Он не был чужд тяге к народовольчеству, хотя возможность и целесообразность террора для данного момента была у него под сомнением. От него я в первый раз услышал фразу, ставшую значительно позднее ходячей: "террор делают, но о терроре не говорят". Во избежание недоразумений надо сказать, что у него это был не дешевый способ отмахнуться от вопроса, ощущаемого почему либо, как "неудобный". Нет, чувствовалось, что террор для него одновременно - и святыня, и рана. Фатальные неудачи целого {59} ряда попыток террора в недавнем прошлом, ряд человеческих жертвоприношений на этом пути, без всякого иного видимого результата, кроме обескровления и без того на ладан дышавшей революции - все это не могло не пробуждать мучительных колебаний.
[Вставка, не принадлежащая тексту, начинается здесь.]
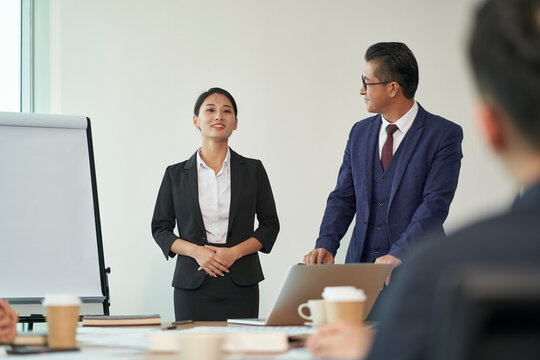 young asian new employee introduced to team by boss during staff meeting in office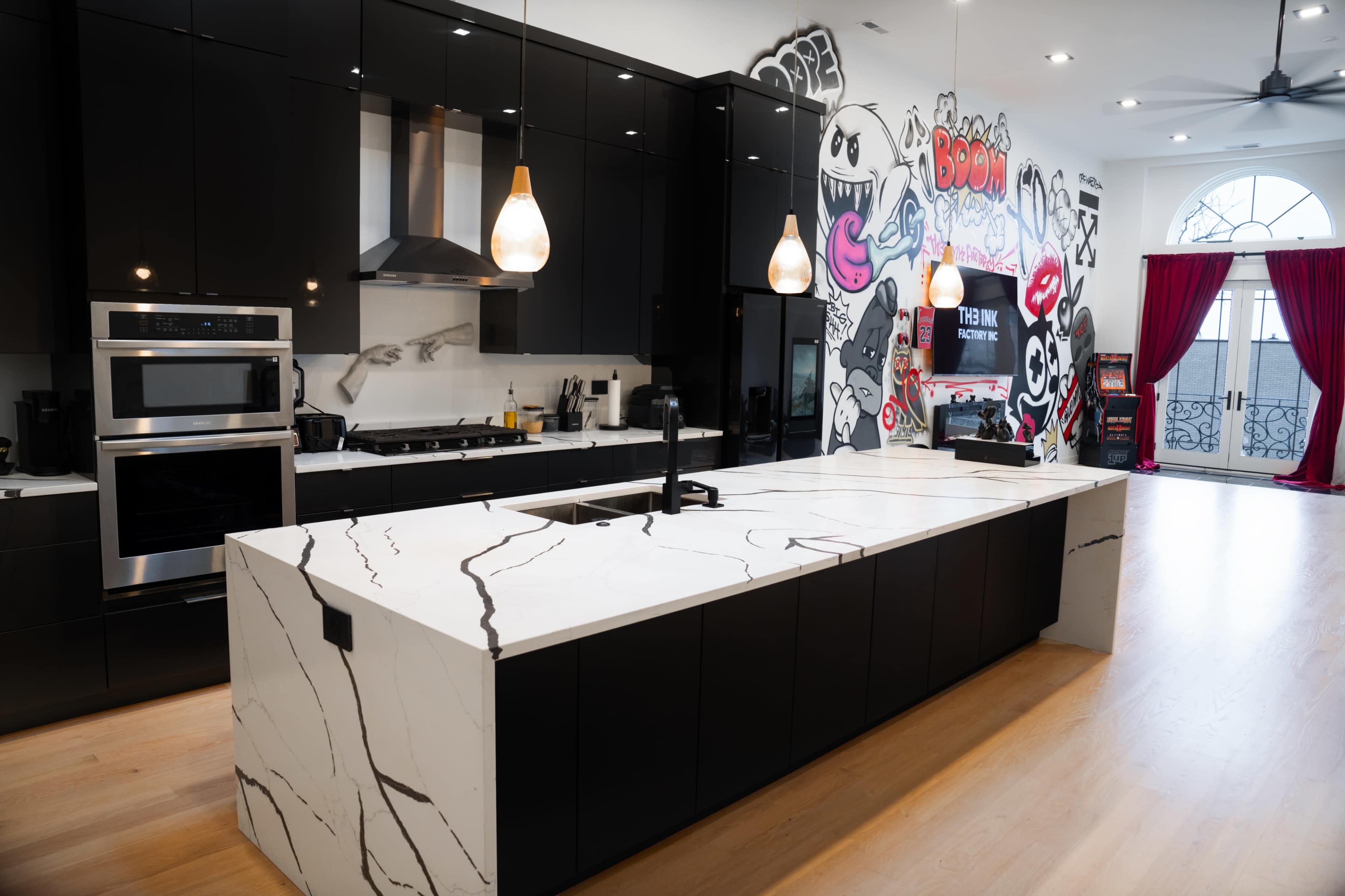 A modern kitchen with black cabinetry, a large marble island, and colorful graffiti artwork on the wall.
Видно было, что Омиров не задумается сам вступить на этот, роковой для многих путь, если "времена созреют", но что до этого момента он не позволит себе произнести ни единого слова, способного толкнуть на него кого-нибудь другого... Особенно подолгу и особенно страстно спорил Омиров с представителем тогдашнего марксизма, Кулаковским. Русский марксизм исключая заграничные выступления Плехановской "Группы освобождения труда" тогда еще только созревал в первых кружках Петербурга и Москвы, почти не выступая на открытой арене. Марксист была rаrа avis. В Дерпте пытались насаждать среди русских марксизм только поляки, державшиеся сплоченным кружком и считавшие себя оплотом западноевропейской духовной культуры против полуазиатского "московитского" самобытнического социализма и самобытнической социологии. Лидерами своими они считали тогда молодых и малоизвестных Ерживицкого и Винярского, чьи статьи пересылались в Дерпт часто в рукописях и читались, как рефераты. Среди польского марксистского кружка выделялись две фигуры, Дон-Кихот и Санчо-Панса, как шутливо звали их мы между собой: высокий, худощавый, Богдан Кистяковский, ныне известный автор сборника "Социальная экономия и право" и др. работ, и низенький, округленный, румяный, экспансивный "пан Кулаковский" или просто "пан", неутомимый застрельщик в спорах, почему то всегда {60} заставлявший вспоминать пана Заглобу из "Огнем и мечом" Сенкевича.

К ним отчасти тянул приехавший вскоре из Петербурга молодой и даровитый, но тоже преждевременно умерший юноша, Н. В. Водовозов, не без успеха дебютировавший своими статьями в журнальной литературе; впрочем, его позиция была какой-то "средней". Завязался ряд рефератов и прений по ним. Начало было положено чтением рукописной полемической статьи против "субъективной социологии", принадлежавшей перу Винярского; статья была, насколько помню, едко-саркастической, но без уменья - или без желания вникнуть глубже в существо позиций, на которые велась атака. Кроме Омирова, марксистам одушевленно оппонировал симпатичный юноша Крашенинников, ответивший собственным рефератом - сатирической полубеллетристикой. Он рисовал современного Пан-глосса, глубокомысленного доктринера, которой между прочим хочет дать сыну научно-эволюционное воспитание, проведя его через каменный, бронзовый и железный век, через "охотничий", пастушеский и т. д. быт, ибо только "пройдя все стадии" истинного, "имманентного", диалектически-правильного развития, но никак не через авантюристские попытки "перескочить" через эти стадии, может получиться современный культурный человек, способный жить в условиях современного технико-культурного прогресса. Кулаковский не остался в долгу и придумал хитроумную комбинацию, которая должна была "поймать в ловушку" сторонников субъективизма: именно, он тщательно выискал у Герцена все, на его взгляд, наиболее слабые или наиболее парадоксальные места, и составил из них "Размышления субъективиста", которые и преподнес публике, как свое {61} сочинение, опыт сатирического изображения логики и психологии "субъективистов".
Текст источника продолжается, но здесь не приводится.